12 Şubat 2009 Perşembe

TILSIM STAMFORD BRIDGE'DE




















Guus Hiddink ve onun sihirli değneği hakkında blogda sayısız yazı var. Doğduğu kent olan Varsseveld'in (kentte Korelilerin ziyaretlerinin kesilmesi sonucu yıkmından önce adına bir müze vardı) wikipedia açıklamasına girdiğinizde "Guus Hiddink'in doğduğu şehir" olarak anılmasına sebep olan bu adamın, Felipe Scolari görevden alındığında Abramovich tarafından ilk olarak aranacağından adım gibi emindim. Aslında bu iş daha önce 2 kez gerçekleşme eşiğine gelmişti. Birincisi Mourinho görevden alındığındaydı ama Hiddink Euro 2008 için sadece Rusya'ya yoğunlaşmak istiyordu, ikincisi de Şampiyonlar Ligi finalinin hemen sonrasındaydı. Hatta Hollanda televizyonu ile maç öncesi sahada röportaj yapan Hiddink'e "gelecek seneki takımınızı izlemek nasıl?" diye bir soru sorulduğunda çok fazla tepki göstermeden gülerek geçti. Er geç Abramovich yatını İngiltere'de tuttuğu sürece Chelsea'nin başına geçeceği belliydi. Geçti sonunda, 4 ay için 2.5 milyon pound alacak. Bu Scolari'ye 7.5 milyon pound tazminat veren Chelsea'nin toplamda bir hoca değiştirmede 10 milyon poundu kasasından çıkarttığı anlamına geliyor. Hiddink'in kontratı 4 aylık, bunun tek sebebi var o da Rusya futbol federasyonunun halen atamaya hafiften tepkili olması. Zira Rusya elemelerde çok da kolay olmayan bir grupta ve Hiddink'in Chelsea'ye eğilerek konsantrasyonunu milli takım üzerine vermeyeceğini düşünüyorlar. Daha önce bunu Avustralya-PSV bağlantısıyla başardı Hollandalı. Rusya-Chelsea bağlantısı tabi daha zorlu. Ben Hiddink'in her 2 takımı çalıştırması nedeniyle bir kayıp yaşayacağını düşünmüyorum. Zira dün Rus milli takımıyla Antalya'da kampta bulunan Hiddink BBC'ye bir açıklama yaparak önlerinde, Mart ayında görece kolay bir Azerbaycan maçı olduğunu, bir sonraki maçın ise ligler bittikten sonra Haziran ayında olduğunu belirterek Rus milli takımının etkilenmeyeceği garantisini verdi ki fikstüre bakıldığında açık şekilde görebiliyoruz. Yukarıda belirttiğim gibi eğer ortada Rus milli takımı görevi olmasaydı bu kontrat çok daha uzun süreli olacaktı ki eğer Hiddink önünde duran lig veya Şampiyonlar Ligi kupalarından en az birini kazanırsa o kontrat sezon sonu uzayacaktır. Peki bunu yapabilir mi? Asıl yazıyı yazma amacımız da transfer haberini vermekten ziyade konuyu tartışmak.
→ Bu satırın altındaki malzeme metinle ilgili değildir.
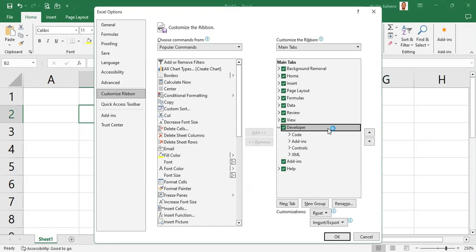We have to make sure that at least that one is on. The reason why we're putting it on is because we're going to do what we call combo boxes, and we shall need that developer tab.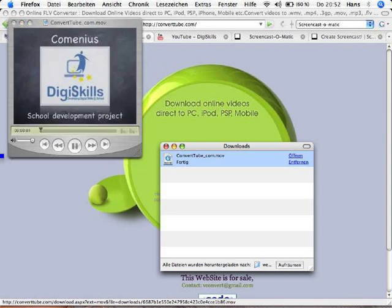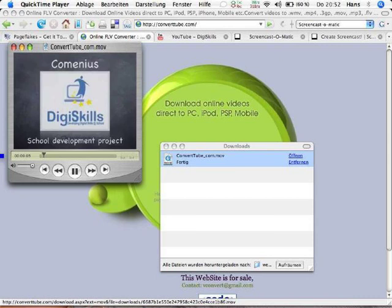Here it is. Welcome to DigiSkills, a community development project.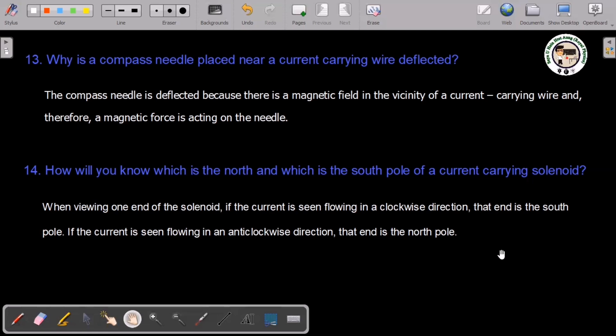The compass needle is also affected in the vicinity of a current-carrying solenoid. The current-carrying solenoid acts as the source. It is also known as an electromagnetic solenoid.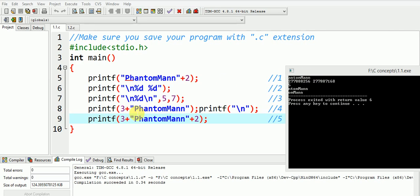Similarly, the fourth printf statement, it skips three characters and the output is shown here.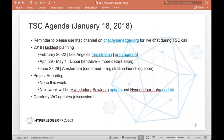Good night, wherever you are. We have a fairly light agenda this morning. The Hackfest planning for the February Hackfest continues. If you haven't registered, please do so.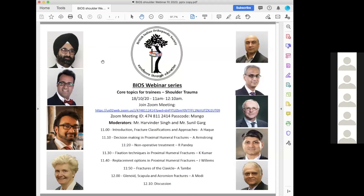Welcome everyone to this third webinar from BIOS on core topics. My name is BJ Singh, I'm the current president of the British Indian Orthopedic Society. We have an exciting few lectures lined up this morning with faculty from across Europe. I'm going to pass you on to Harvinder and Sunil who are the moderators of this session. Over to you, Harvinder.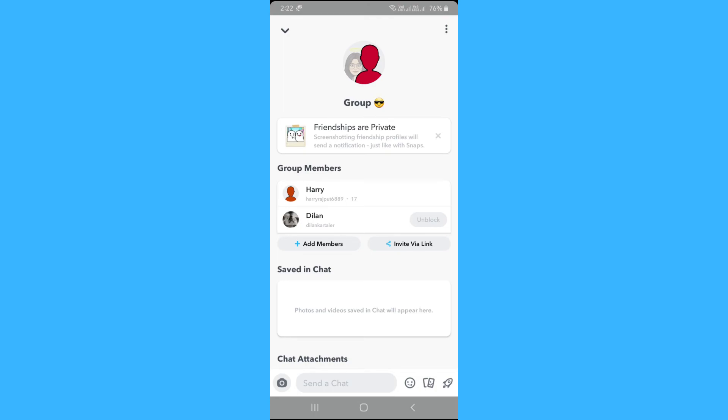That's pretty much how you can remove someone from a group in Snapchat. Hope you found this video helpful. I would appreciate if you like this video. See you next time. Bye.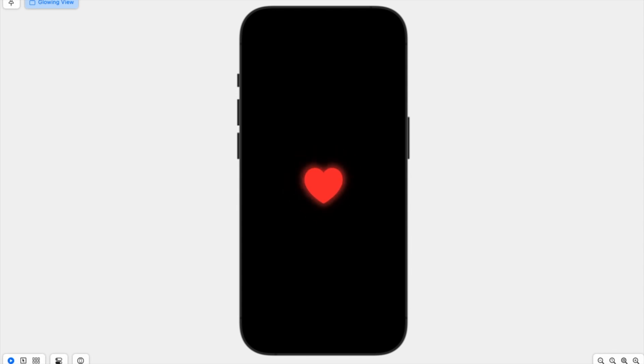I will be making a lot of animation tutorials in the coming week. If there is any animation that you would like me to try, let me know in the comments below. I'll see you in the next video.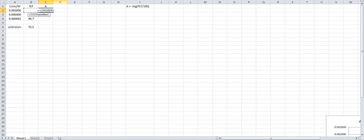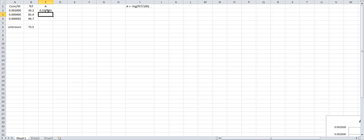Just click it, slash, 100, close parenthesis, and you hit enter and you'll see your absorbance is entered in the line.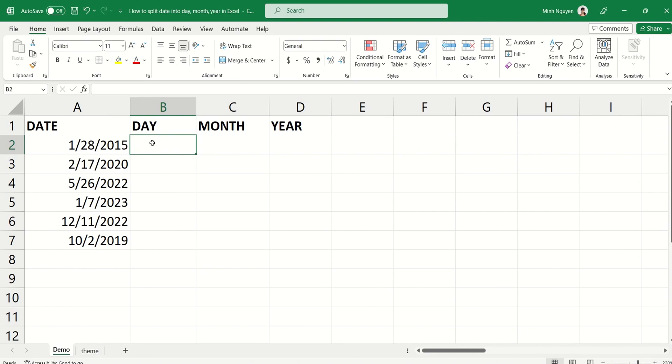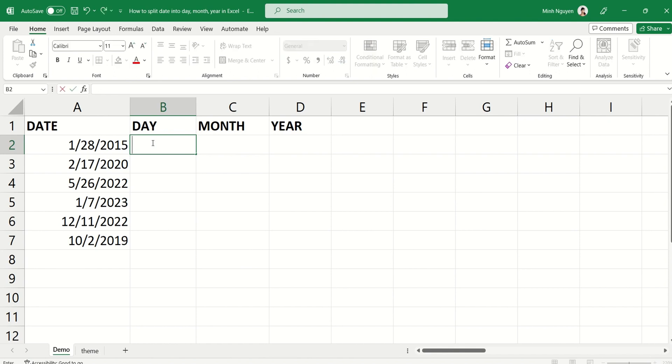Hello, and in this video we are going to learn how to split date into separate day, month, year values in Excel. Okay, so let's get to it. Now to split it into day, all we need to do is press the equal sign.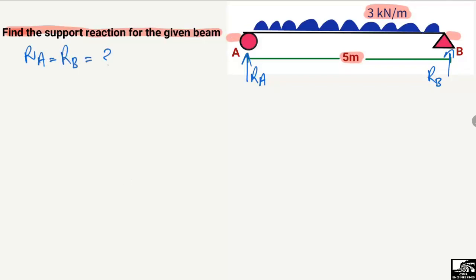To find out these support reactions, we will use the equilibrium equation. We consider the summation of moment at any point equal to zero, and we take the summation of moment at point A equal to zero. We assume that the clockwise moment will be taken as positive and the anti-clockwise moment is negative — these are our sign assumptions for this problem.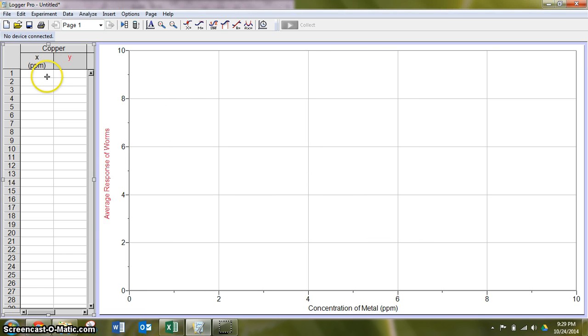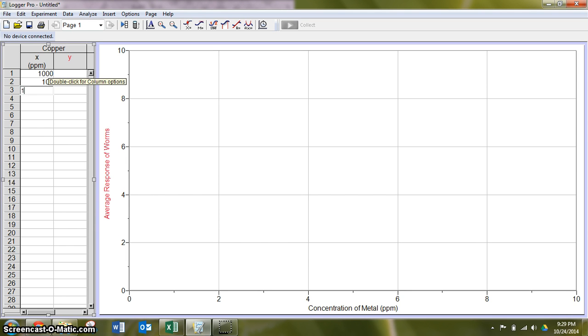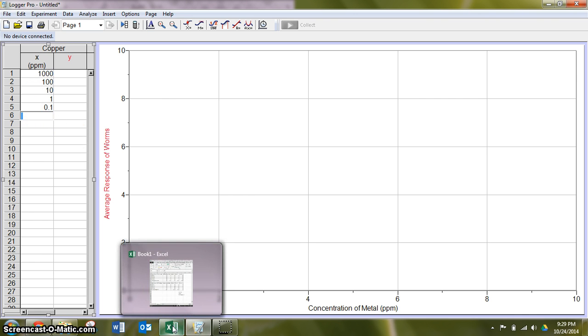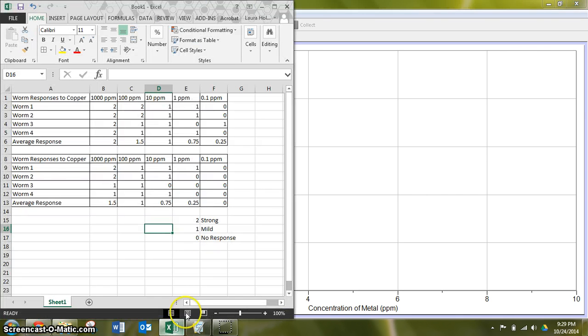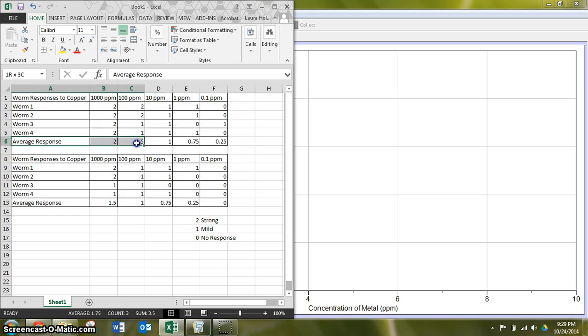So like before, our concentrations are powers of 10. I'm going to take us back to the exact same data table. And this time, we are going to take a look for our average responses.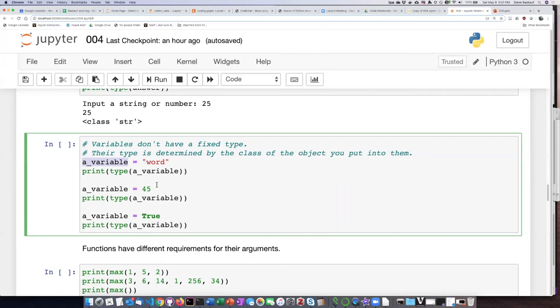So this is again another source of error. If you have a variable that you put, let's say, a string into it, and then somewhere in your code, you're not thinking very carefully, and you use that variable name for a number,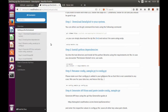Hey guys, this is Part 2 of the Datasploit video series. Earlier in Part 1, we downloaded — or to be precise, git cloned — the Datasploit project to our system, and then we installed all the Python dependencies without any issues.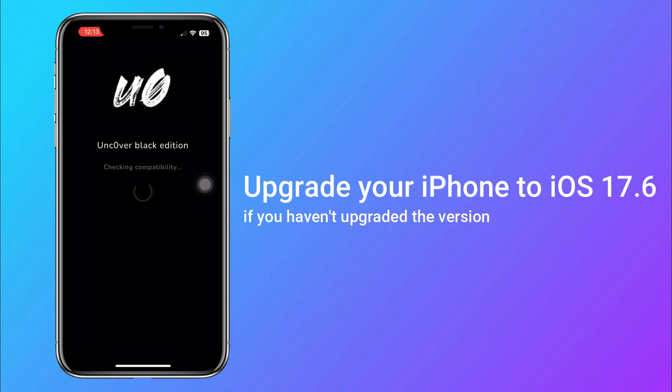Now it's time to jailbreak your iPhone. Tap on Start button and continue the process. Uncover Black App will check the compatibility of the device.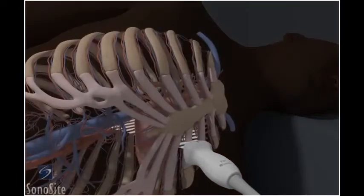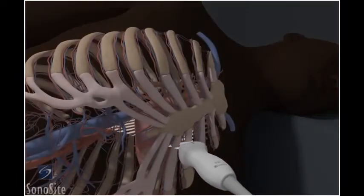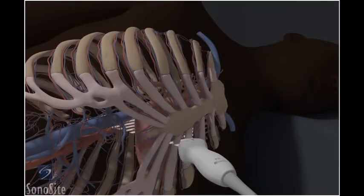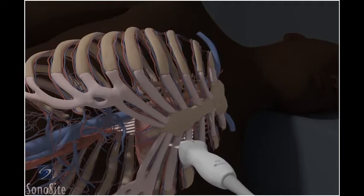Move between the third and fourth intercostal space and slide the transducer toward and away from the sternum to identify the optimal scanning window.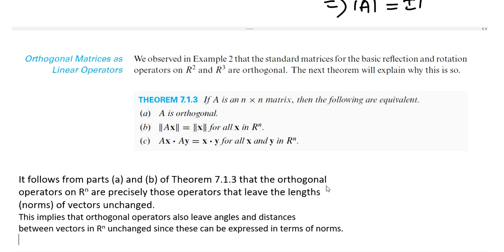If A is an n by n matrix, then the following are equivalent: A is orthogonal; the norm of Ax equals the norm of x for every x in Rn; and Ax dot Ay equals x dot y for every x and y in Rn. This means that when A is an orthogonal matrix, multiplication preserves the norm — the norm will not be changed by the transformation. Similarly, the angle between two vectors is also preserved.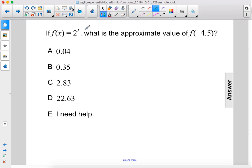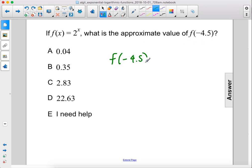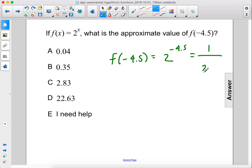If f of x equals 2 to the x power, what is the approximate value of f of negative 4.5? f of negative 4.5 equals 2 to the negative 4.5 power, which is the same thing as 1 over 2 to the 4.5 power.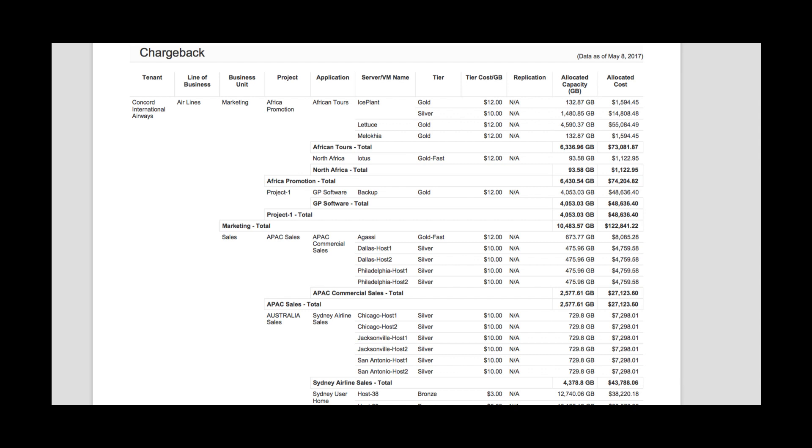This is a more detailed report, so you can see things such as tenants, lines of business and business units, as well as the applications and their associated virtual machines or servers, and the tier they're assigned. We have tiers like gold, silver, and bronze,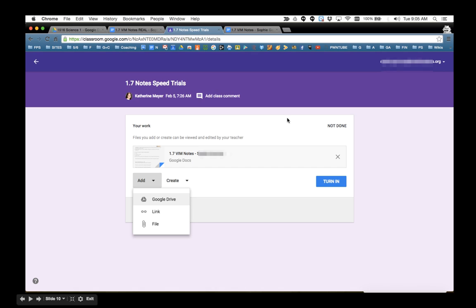Then you're going to head back over to Google Classroom. You probably still have that open. And at the assignment, you're going to use this Add button, and you're going to choose to add the real file from your Google Drive, because the wrong one right now is what's here. So you're going to click Add, you're going to choose Google Drive.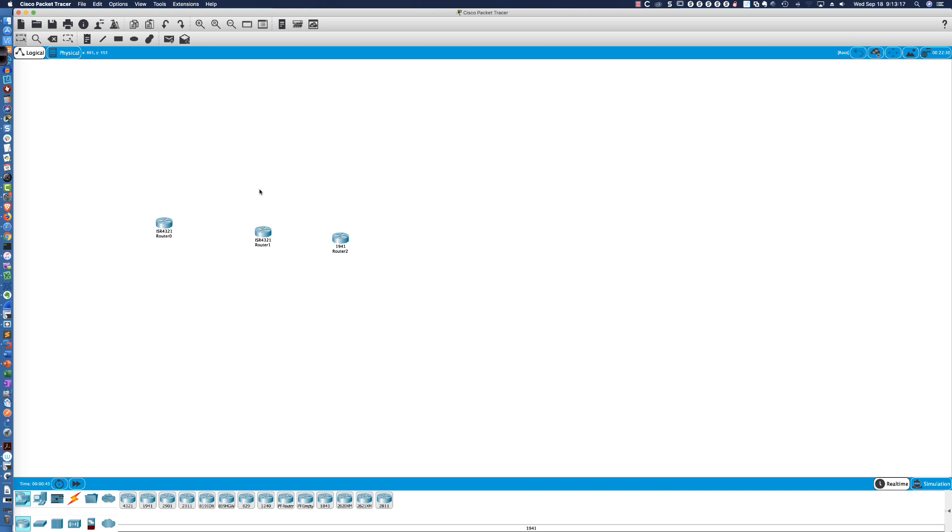All right. Well, that is it. That's all I've got. Packet Tracer version 7.2.2 is out there. There are a ton of fixes, and most importantly, I saved the best for last. If you're a student and you're running Packet Tracer,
Guus Hiddink 1998'deki Real Madrid atamasından sonra ilk kez bu derece büyük ölçekli bir takımın başında. PSV Eindhoven ve Real Betis de elbette Avrupa'nın en önde gelen kulüplerinden ama Chelsea ve Premier Lig'in bambaşka bir havası var. Real Madrid kariyeri pek iyi geçmedi onun için. Sadece 7 ay sürdü. Chelsea kariyeri kağıt üzerinde 4 ay. Kariyerindeki sadece 2 falsodan 1 tanesini unutturma şansı elinde (diğeri Fenerbahçe). Şahsi kanaatim Hollandalı'nın Aston Villa ve Liverpool'ı altetmekte çok fazla sıkıntı çekmeyeceği. Ama önünde duran bir Alex Ferguson ve Manchester United abidesi var. Üstelik şu anda mağlup olmayı bırakın gol bile yemiyorlar. Dolasıyla Hiddink'in Chelsea soyunma odasındaki değişkenleri kontrol etmek yanında United'ın da kötü bir döneme girmesini beklemesi gerekecek. Şahsen işin Premier Lig tarafından çok çok ümitli değili. Hiddink'in burada ikinci sırayı almasının dahi önemli olduğunu düşünüyorum. Hele puan farkı şu andaki gibi 7 yerine 1-2 gibi bir seviyede olursa büyük iş başarmış demektir. Eğer zirveye oturursa zaten cv'sine bir mucize daha ekler. Bu anlamda bize ipucu verecek bir şey var. İç saha maçları. Chelsea deplasman maçlarında bugüne kadar 26 puan almış, lider Manchester United ise 25. Aradaki 7 puanlık farkın sebebi United'ın iç saha maçlarında Chelsea'ye attığı 8 puanlık fark. Maviler, Stamford Bridge'deki 13 maçın sadece 6'sını kazanabildi, yarısından azını. Yani ulaşılması çok güç bir hedef yok ortada. Deplasman formunu üç aşağı beş yukarı devam ettirip kendi evlerindeki karneyi düzeltmeleri halinde zirveye ortak olacaklar. Hiddink'in iç saha maçlarında kariyerinde çok iyi bir performansı var. Örneğin PSV'yi 2004-05 Şampiyonlar Ligi yarı finaline götürdüğü sene kendi evlerinde hiç mağlup olmadılar. 1987-88 Avrupa Şampiyon KulüplerKupası'nı sadece 1 mağlubiyet alarak (Galatasaray'a karşı) evine götüren PSV'nin de aynı karnesi mevcuttu. Hiddink Güney Kore'yi evinde düzenlenen turnuvada yarı finale çıkarttı. Ben iç saha maçlarında büyük problemler yaşayacağını düşünmüyorum.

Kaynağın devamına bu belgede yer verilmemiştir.